• _Task item_
An exact copy of the listing below is the answer, with the pictures removed.

• _Given information_
--

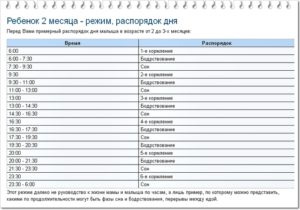 Режим дня для 2 месячного ребенка на грудном вскармливании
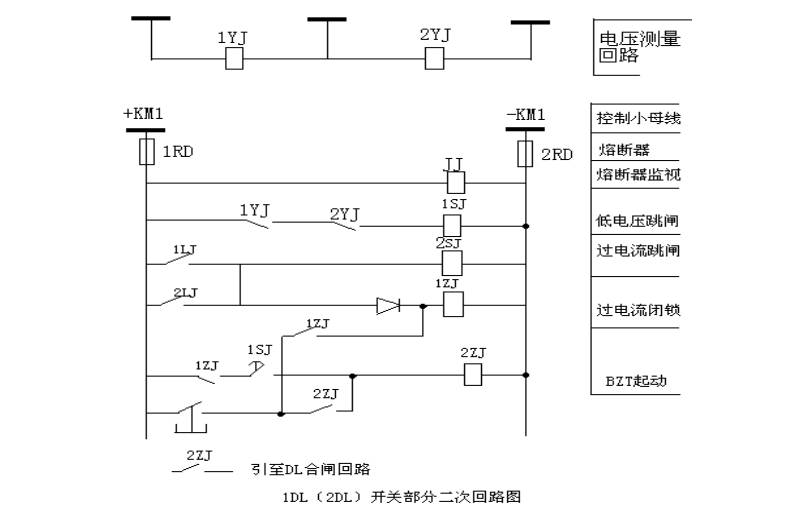 开关部分二次回路图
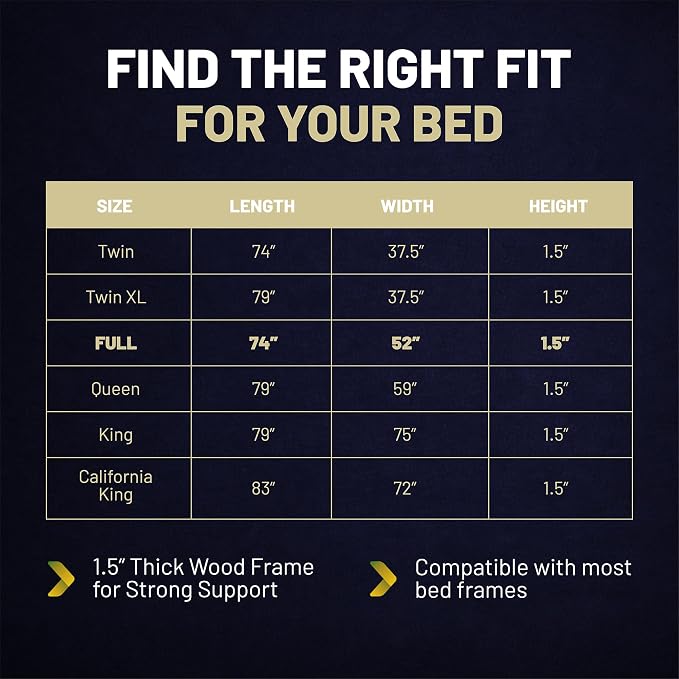 1.5" Split Wood Bunkie Board Full Size Bed, Under Mattress Support, Fully Assembled, Fabric Ventilation Cover-Replaces Wooden Slats or Box Spring for Bed Frames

--

• _Result for this task_
 Режим дня для 2 месячного ребенка на грудном вскармливании
 开关部分二次回路图
 1.5" Split Wood Bunkie Board Full Size Bed, Under Mattress Support, Fully Assembled, Fabric Ventilation Cover-Replaces Wooden Slats or Box Spring for Bed Frames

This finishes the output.